Wildfire smoke is in the air, its acrid scent assaulting nostrils and at-risk lungs. It’s our fifth season now, following autumn, winter, spring, and summer. Being outside means breathing dangerous particulates into our lungs, yet being outside is a safer way of spending time with people during a pandemic.
It’s too hot to sleep at night. Summers were not this hot, not for this long, twenty years ago. We use machines to cool the air, but the noise of the fans competes with the noise of the thoughts in my head. All of those noises – the literal and the metaphorical – keep me from sleeping.

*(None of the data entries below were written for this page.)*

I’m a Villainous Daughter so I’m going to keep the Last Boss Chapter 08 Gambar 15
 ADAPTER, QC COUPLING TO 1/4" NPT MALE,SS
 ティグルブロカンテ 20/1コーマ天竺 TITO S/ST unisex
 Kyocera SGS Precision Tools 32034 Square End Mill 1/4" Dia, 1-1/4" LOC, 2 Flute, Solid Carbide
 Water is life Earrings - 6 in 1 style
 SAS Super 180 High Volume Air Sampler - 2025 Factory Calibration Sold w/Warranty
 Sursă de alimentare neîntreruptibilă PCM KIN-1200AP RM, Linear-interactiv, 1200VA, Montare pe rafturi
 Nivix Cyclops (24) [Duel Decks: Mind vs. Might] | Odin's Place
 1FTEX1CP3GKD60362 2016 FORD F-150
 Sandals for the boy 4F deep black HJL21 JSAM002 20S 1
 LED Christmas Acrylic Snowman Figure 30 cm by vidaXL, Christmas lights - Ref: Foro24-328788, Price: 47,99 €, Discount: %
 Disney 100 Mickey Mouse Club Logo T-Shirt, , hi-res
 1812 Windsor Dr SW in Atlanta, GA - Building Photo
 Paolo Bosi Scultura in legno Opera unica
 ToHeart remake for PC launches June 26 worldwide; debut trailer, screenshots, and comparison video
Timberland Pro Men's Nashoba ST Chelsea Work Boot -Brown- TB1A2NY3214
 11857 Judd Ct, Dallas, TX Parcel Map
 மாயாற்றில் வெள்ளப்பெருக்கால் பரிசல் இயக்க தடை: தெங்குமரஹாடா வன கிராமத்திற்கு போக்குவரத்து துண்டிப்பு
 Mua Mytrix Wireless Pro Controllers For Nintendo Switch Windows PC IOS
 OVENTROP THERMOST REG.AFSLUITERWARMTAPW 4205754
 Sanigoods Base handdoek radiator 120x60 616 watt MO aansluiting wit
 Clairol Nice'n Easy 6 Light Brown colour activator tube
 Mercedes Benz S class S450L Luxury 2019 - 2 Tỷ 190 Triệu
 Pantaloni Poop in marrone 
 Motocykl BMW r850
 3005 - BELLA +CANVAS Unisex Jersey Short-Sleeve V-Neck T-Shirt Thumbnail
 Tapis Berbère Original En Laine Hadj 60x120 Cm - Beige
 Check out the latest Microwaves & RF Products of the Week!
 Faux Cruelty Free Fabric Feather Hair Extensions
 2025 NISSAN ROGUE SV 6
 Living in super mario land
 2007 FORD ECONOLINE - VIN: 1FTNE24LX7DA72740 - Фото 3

Covid-19 rages on. People already divided by politics are divided even more by personal feelings about disease management, risk tolerance, and public health measures during a pandemic. Families are being torn apart by death and lack of civility.
Several times each week this summer, I read the words “water rescue” combined with the name of a landmark in my city. There are increasing numbers of people climbing onto the thick cement walls of the bridge, desperate to escape the pain in their lives.
Nearly twenty years ago, two airplanes crashed into twin towers in New York City, and desperate people jumped to escape the Dante-esque inferno. My brain cannot erase the horrific images of individual people falling to their death.
A plane takes off from an airfield in Afghanistan, desperate people running alongside — some clinging to the outside edges of the giant machine. My brain cannot erase the horrific images of individual people falling to their death.